Intel(R) Core(TM) i5 CPU 760 @ 2.80GHz  2.80GHz
RAM 4GB (2,96 GB verwendbar)
WIn7 32 Bitversion
NVIDIA GeForce 210 512MB (sollte aber laut bestellung eine 1024er sein)
Eigenschaft	Wert
Festplatte: Hersteller	BIOSTAR Group Modell H55 HD
wenn ihr mehr info brauch einfach sagen was.

Also ich wäre euch sehr verbunden wenn ihr mir helfen könntet.Danke.


----------



## Blut und Donner (7. März 2011)

Grafikkarte ist viel zu schlecht, wo hast du den PC her? so einen guten Prozessor mit ner Officegrafikkarte zusammen Oo.

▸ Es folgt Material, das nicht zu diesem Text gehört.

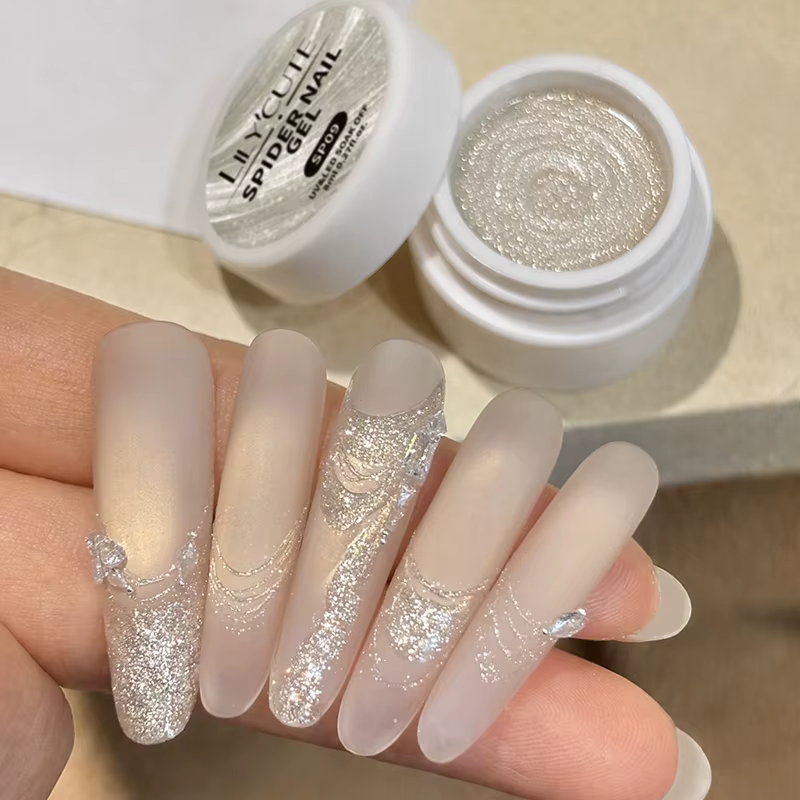 LILYCUTE 8ml Gel à ongles pailleté effet araignée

-> Du brauchst ne neue gute Grafikkarte


----------



## hahaah20 (7. März 2011)

hmm... CSL naja was soll ich sagen ich bin ein noob wenns um PC teile geht.


----------



## Palimbula (7. März 2011)

Die Grafikkarte ist wahrlich "etwas" schwach auf der Brust. Für den DirectX 11 Modus der Windows-Spiele ist sie ausreichend, bei allen anderen Spielen streckt sie die Hufe. Ebenfalls hätte ich bei 4GB Arbeitsspeicher zur 64Bit Version von Windows 7 gegriffen, dies sollte aber keinen (großen) Einfluss auf die FpS von Rift haben.


----------



## hahaah20 (7. März 2011)

okey das heißt dann ich muss mir ne neue grafik karte besorgen, wenn ich besser spielen möchte. Könnte ihr mir da eine empfehlen? Ach ja wie gesagt bei der Bestellung steht dran das es eine 1024mb is und darauf habe ich mich eben verlassen.


----------



## Randaris (7. März 2011)

hahaah20 schrieb:


> okey das heißt dann ich muss mir ne neue grafik karte besorgen, wenn ich besser spielen möchte. Könnte ihr mir da eine empfehlen?




HAHA! ^^ Empfehlen?

An welche Preisklasse hast du gedacht?
Und für was genau soll sie dann nur reichen?


----------



## Palimbula (7. März 2011)

Das Problem bei der GT210 ist nicht die Größe des Speichers, sondern die Leistung des Chips. Kurzer Vergleich: 225er Breitreifen machen einen VW Käfer auch nicht schneller


----------



## hahaah20 (7. März 2011)

dachte mir schon das so was kommt. Also so 150Euro und sollte wenn möglich für spiele wie rift css und grafisch anspruchs volle spiele reichen wenns so was für den preis nicht geben sollte einfach mal rein stellen was es so hat wenns nicht grade 400 euro kostet.


----------



## Randaris (7. März 2011)

Palimbula schrieb:


> Das Problem bei der GT210 ist nicht die Größe des Speichers, sondern die Leistung des Chips. Kurzer Vergleich: 225er Breitreifen machen einen VW Käfer auch nicht schneller




Das ist wohl war^^


----------



## Randaris (7. März 2011)

hahaah20 schrieb:


> dachte mir schon das so was kommt. Also so 150Euro und sollte wenn möglich für spiele wie rift css und grafisch anspruchs volle spiele reichen wenns so was für den preis nicht geben sollte einfach mal rein stellen was es so hat wenns nicht grade 400 euro kostet.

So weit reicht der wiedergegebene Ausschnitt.